# 1. Tsfresh: Univariate Feature Engineering with Robot Failure Dataset (LP1)

This basic example shows how to use [tsfresh](https://tsfresh.readthedocs.io/) to extract useful features from univaraite timeseries and use them to improve classification performance.

We use the gunpoint dataset as an example.

In [6]:
import pandas as pd
from tsfresh import extract_features, extract_relevant_features, select_features
from tsfresh.utilities.dataframe_functions import impute
from tsfresh.feature_extraction import ComprehensiveFCParameters

#load dataset
lp1 = pd.read_csv(r'C:\Users\seren\Documents\RR Lab Documents\lp1_fulldata.csv')

y = lp1['class']
lp1 = lp1.drop(['class'], axis=1)
lp1 = lp1.iloc[:, :3] #univariate

In [7]:
lp1.head()

Unnamed: 0,id,time,var1
0,1,1,-1
1,1,2,0
2,1,3,-1
3,1,4,-1
4,1,5,-1


In [8]:
extraction_settings = ComprehensiveFCParameters()

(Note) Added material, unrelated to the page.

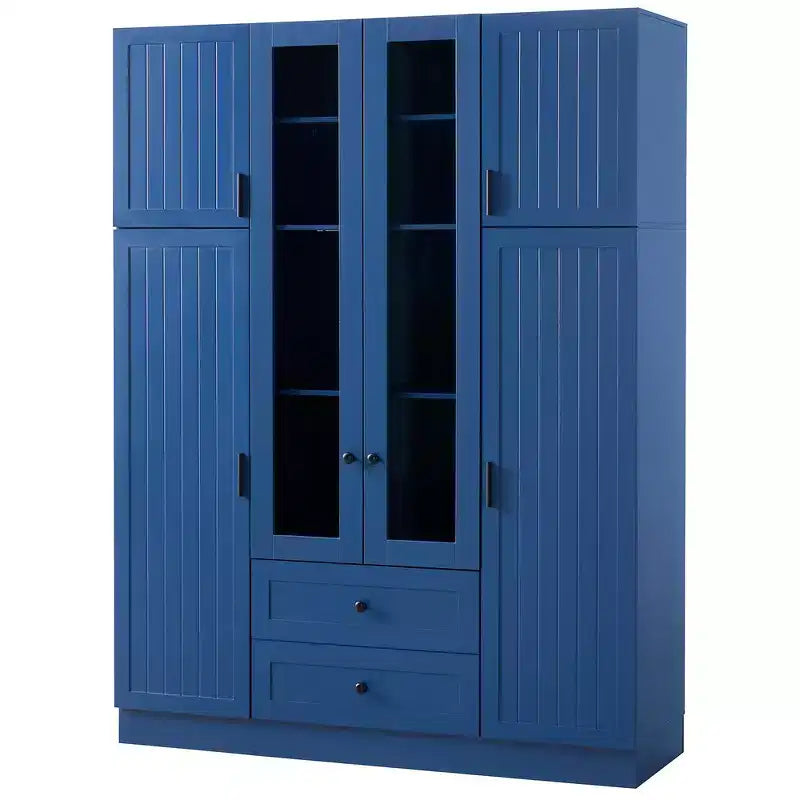 Whisen 71''H Freestanding Kitchen Storage Pantry, Large Dining Storage Cabinet Cupboard Sideboards With 6 Doors, Adjustable Shelves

X = extract_features(lp1, column_id='id', column_sort='time',
                     default_fc_parameters=extraction_settings,
                     # we impute = remove all NaN features automatically
                     impute_function=impute)

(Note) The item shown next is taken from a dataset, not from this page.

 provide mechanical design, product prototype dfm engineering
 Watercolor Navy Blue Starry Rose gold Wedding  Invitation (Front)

Feature Extraction: 100%|██████████████████████████████████████████████████████████████| 18/18 [00:07<00:00,  2.35it/s]


In [9]:
print('Extracted Feature set shape: ', X.shape)
X['class'] = y
print('Extracted Feature set shape with class labels: ', X.shape)

Extracted Feature set shape:  (88, 779)
Extracted Feature set shape with class labels:  (88, 780)

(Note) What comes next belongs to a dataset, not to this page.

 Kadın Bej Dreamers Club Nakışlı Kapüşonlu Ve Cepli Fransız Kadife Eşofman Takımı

# 2. Tsfresh: Multivariate Feature Engineering with Robot Failure Dataset (LP1)

This basic example shows how to use [tsfresh](https://tsfresh.readthedocs.io/) to extract useful features from multiple timeseries and use them to improve classification performance.

We use the robot failure data set as an example.

In [10]:
import pandas as pd
from tsfresh import extract_features, extract_relevant_features, select_features
from tsfresh.utilities.dataframe_functions import impute
from tsfresh.feature_extraction import ComprehensiveFCParameters

## Extract Features

In [11]:
#load dataset
lp1 = pd.read_csv(r'C:\Users\seren\Documents\RR Lab Documents\lp1_fulldata.csv')

y = lp1['class']
lp1 = lp1.drop(['class'], axis=1)

In [12]:
lp1.head()

Unnamed: 0,id,time,var1,var2,var3,var4,var5,var6
0,1,1,-1,0,57,-5,-3,0
1,1,2,0,-3,63,-1,0,0
2,1,3,-1,1,51,-4,-1,-1
3,1,4,-1,-2,68,-2,-2,0
4,1,5,-1,-1,65,-6,1,0


In [13]:
extraction_settings = ComprehensiveFCParameters()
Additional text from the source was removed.